Membina banyak perajin, memang ada untungnya. Kebetulan saya tak suka memperkaya diri sendiri, memakan rezeki sendiri. Lebih enak dibagi dengan orang lain. Yang penting saya bisa bermanfaat untuk orang banyak. Itulah arti kesuksesan bagi saya. Oh ya, saya ingin berpesan kepada kaum perempuan yang tengah memulai usaha. Kuncinya, pantang menyerah dan istiqamah. Bila niatnya baik, pasti ada jalan. Dan seringlah menolong sesama.

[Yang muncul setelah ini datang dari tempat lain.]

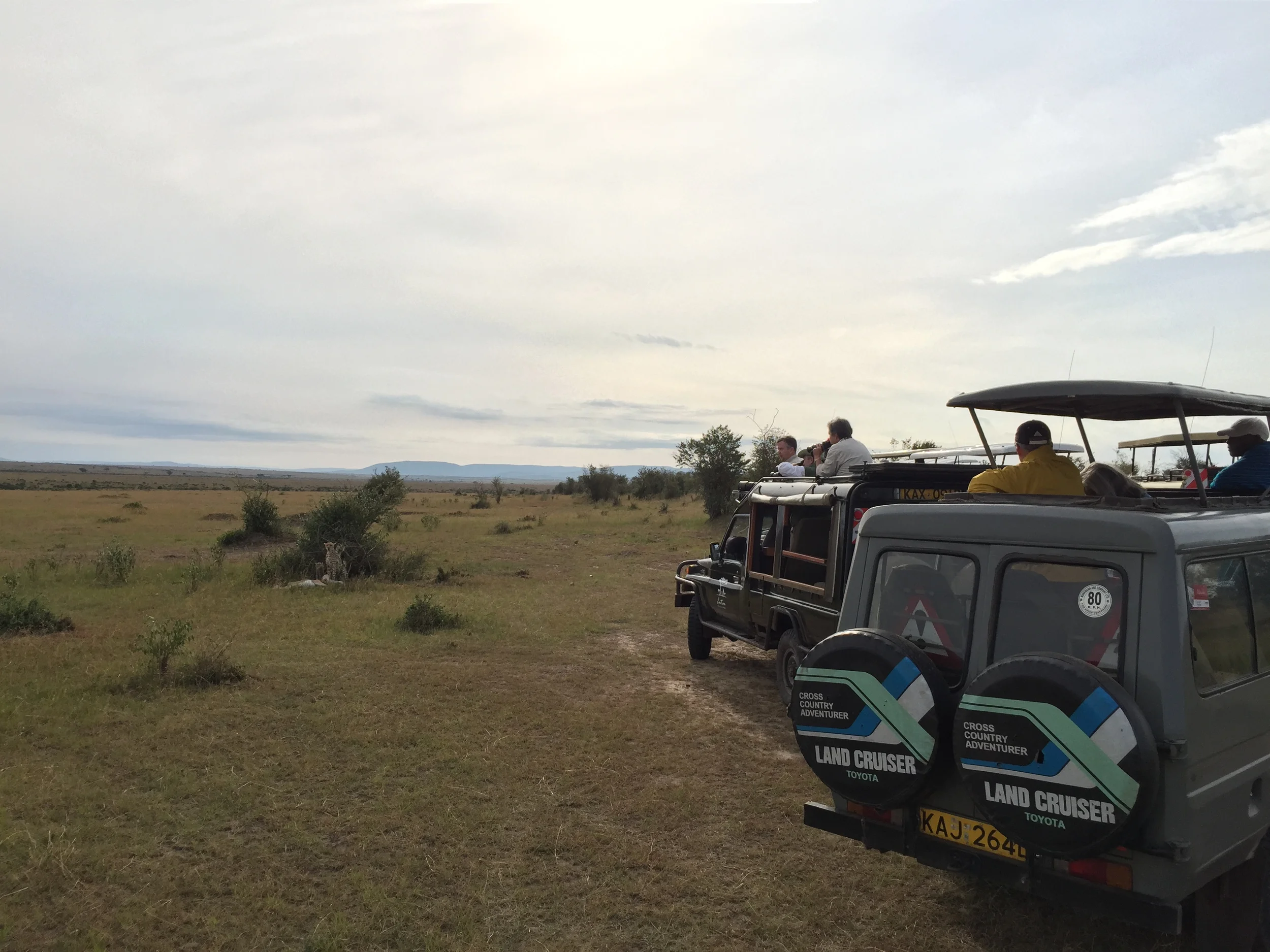 Day 5: We saw a Nat Geo worthy kill in the mara. A mother cheetah with three cubs in tow, chased down a Thompson gazelle, sinking its tee....you know the rest. Truly was epic.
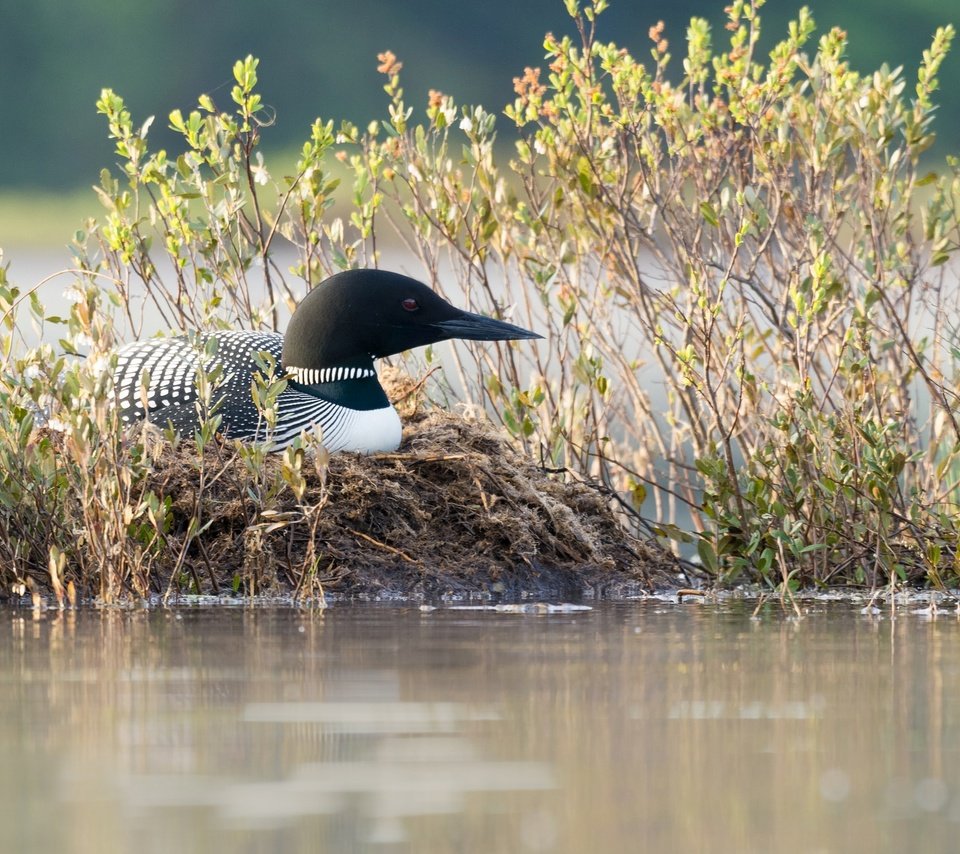 Обои трава, природа, водоем, птица, клюв, черноклювая гагара, гагара, grass, nature, pond, bird, beak, chernokova loon, loon разрешение 2048x1293 Загрузить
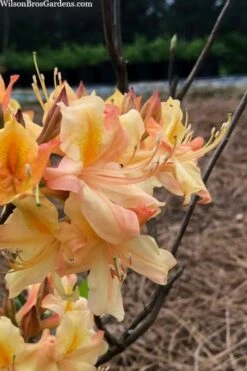 Al Curry Azalea (Rhododendron) - 3 Gallon Pot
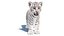 Animated White Tiger Cub 3D Model with Groomed Hair 3D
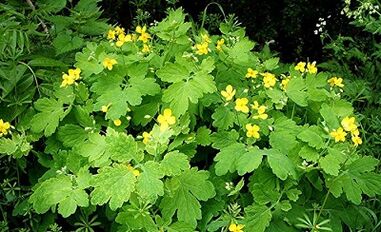 Uso delle verruche Celandine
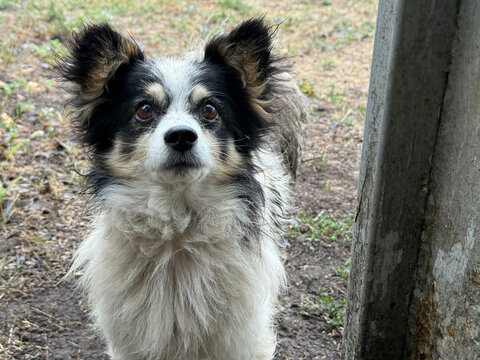 A miserable, deserted dog with soaked, filthy hair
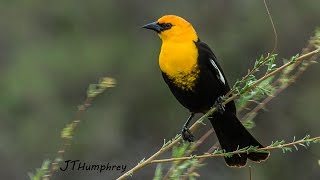 Yellowheaded Blackbird [upl. by Miun71]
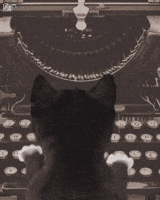 Work Cats GIF by Felini Rocks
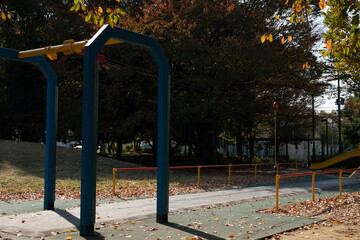 秋の公園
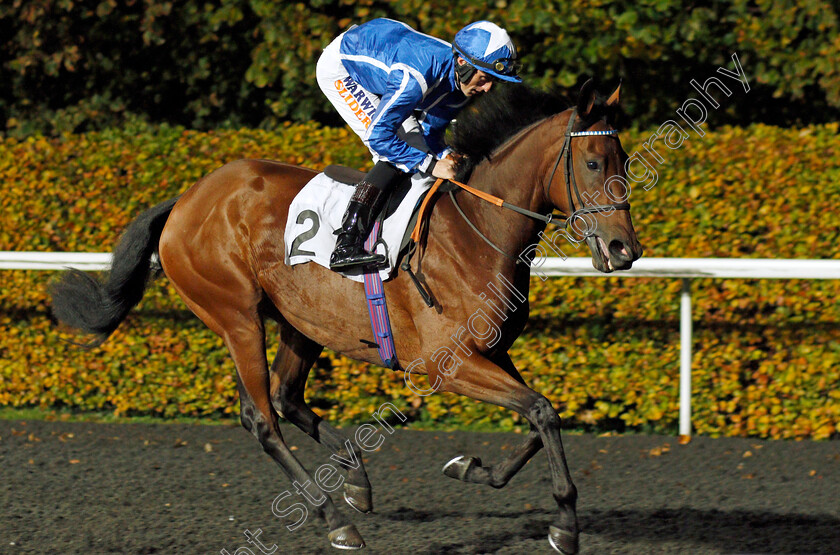 Albion-Princess-0002 
 ALBION PRINCESS (Trevor Whelan)
Kempton 10 Nov 2021 - Pic Steven Cargill / Racingfotos.com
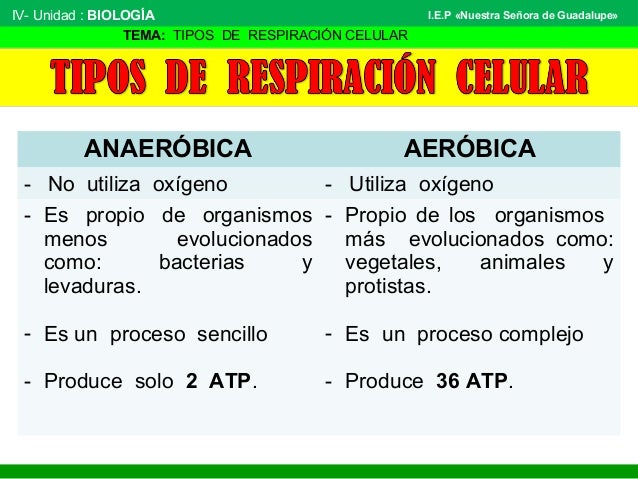 Tipos de respiración celular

Sebagai bos, menurut dua karyawan Martini Natural, Martini banyak memberikan keleluasaan kepada karyawannya untuk berkreasi, terutama bila sedang tak banyak order. "Kalau sedang banyak order, setiap karyawan harus bekerja sesuai tugasnya. Kalau sedang sepi, ya, mau mengerjakan apa saja, ya, boleh. Hitung-hitung untuk belajar bidang lain. Tapi tugas pokok saya, sih, memotong bahan untuk upper," terang Hamid (24) yang baru saja dikirim ke pelatihan membuat sepatu di Surabaya oleh Martini. Hamid mulai bekerja di Martrini Natural sejak setahun lalu.
Sementara Erna, sekitar lima tahun lalu hanya bekerja di bagian finishing. Namun perlahan tapi pasti, ia pun mulai dipercaya Martini untuk berbelanja bahan baku sepatu dan aksesoris ke Jakarta atau Surabaya. Sebagai karyawan yang saat itu belum berpengalaman, Erna mengaku harus banyak bertanya kepada sang majikan. "Ibu banyak kasih pengetahuan. Kalau saya salah, ya, paling diberitahu. Mungkin itu bisa disebut marah, ya, tapi Ibu tak pernah marah berkepanjangan," papar Erna yang saat dijumpai NOVA sedang menunggu pameran sepatu di Jogja Expo Center bersama Hamid.